**SOURCE DATA:**
= = =
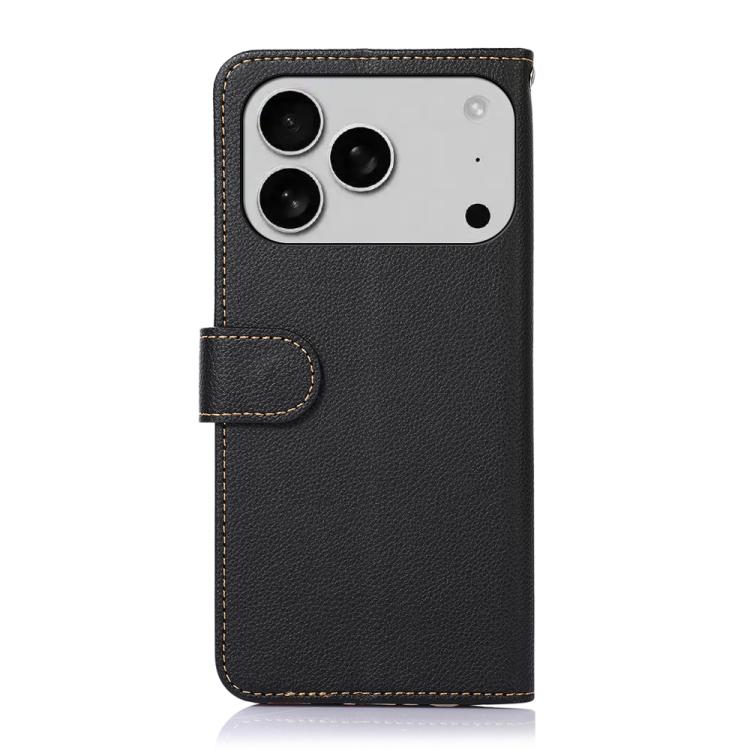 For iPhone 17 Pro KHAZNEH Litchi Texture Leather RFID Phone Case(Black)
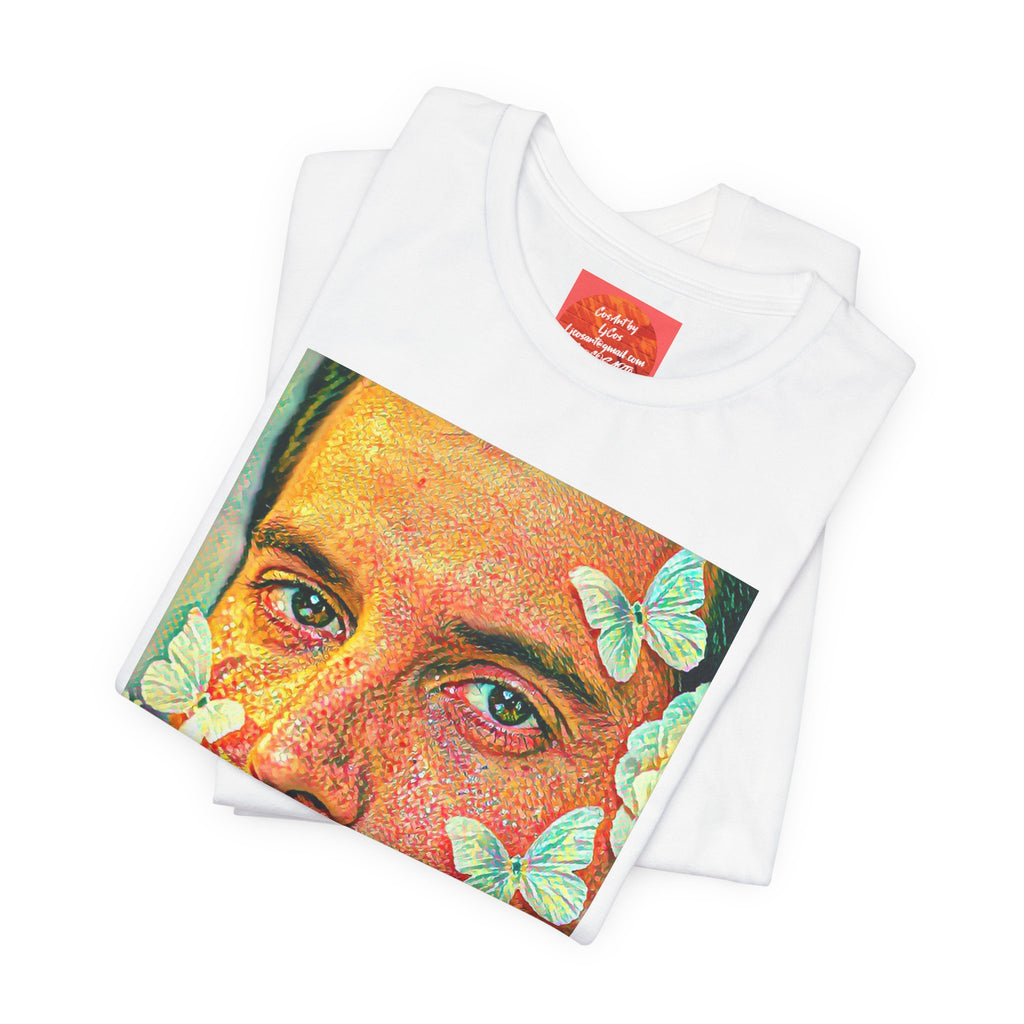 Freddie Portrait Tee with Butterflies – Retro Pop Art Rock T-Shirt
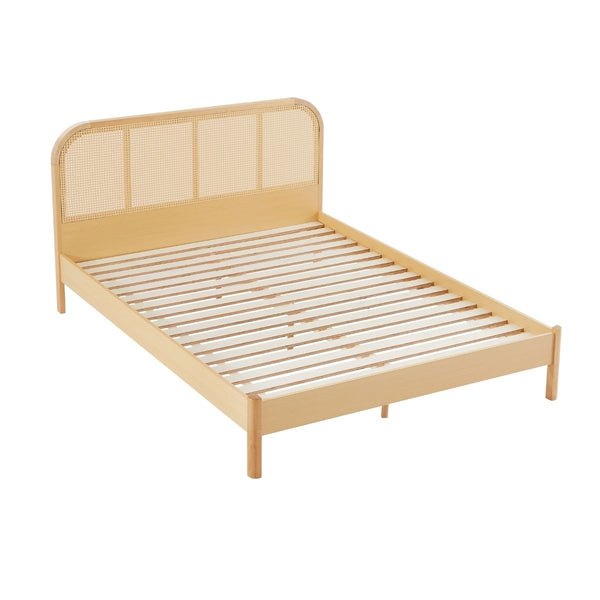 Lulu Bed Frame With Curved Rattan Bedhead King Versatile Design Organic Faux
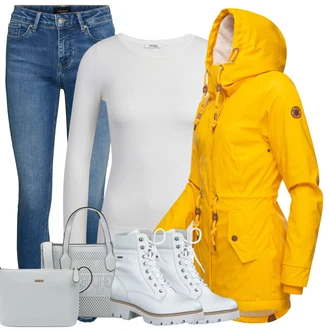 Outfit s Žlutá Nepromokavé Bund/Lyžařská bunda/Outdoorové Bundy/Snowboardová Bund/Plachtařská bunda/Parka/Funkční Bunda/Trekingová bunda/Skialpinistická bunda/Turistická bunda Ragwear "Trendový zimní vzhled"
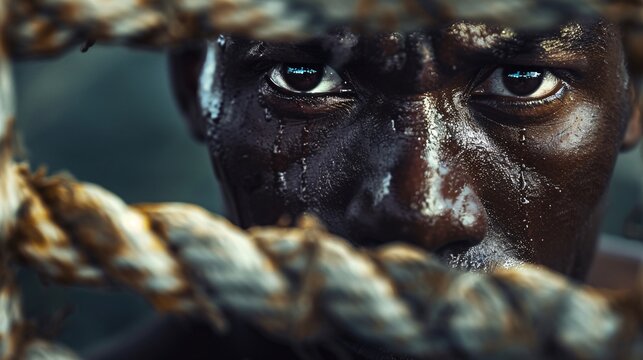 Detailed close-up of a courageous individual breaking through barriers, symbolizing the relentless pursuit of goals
= = =
**ASSIGNED TASK:**
The lines running from the one with "Freddie Portrait Tee" to the close of the material above are to be retyped exactly; no picture is to be included.

**TASK OUTPUT:**
 Freddie Portrait Tee with Butterflies – Retro Pop Art Rock T-Shirt
 Lulu Bed Frame With Curved Rattan Bedhead King Versatile Design Organic Faux
 Outfit s Žlutá Nepromokavé Bund/Lyžařská bunda/Outdoorové Bundy/Snowboardová Bund/Plachtařská bunda/Parka/Funkční Bunda/Trekingová bunda/Skialpinistická bunda/Turistická bunda Ragwear "Trendový zimní vzhled"
 Detailed close-up of a courageous individual breaking through barriers, symbolizing the relentless pursuit of goals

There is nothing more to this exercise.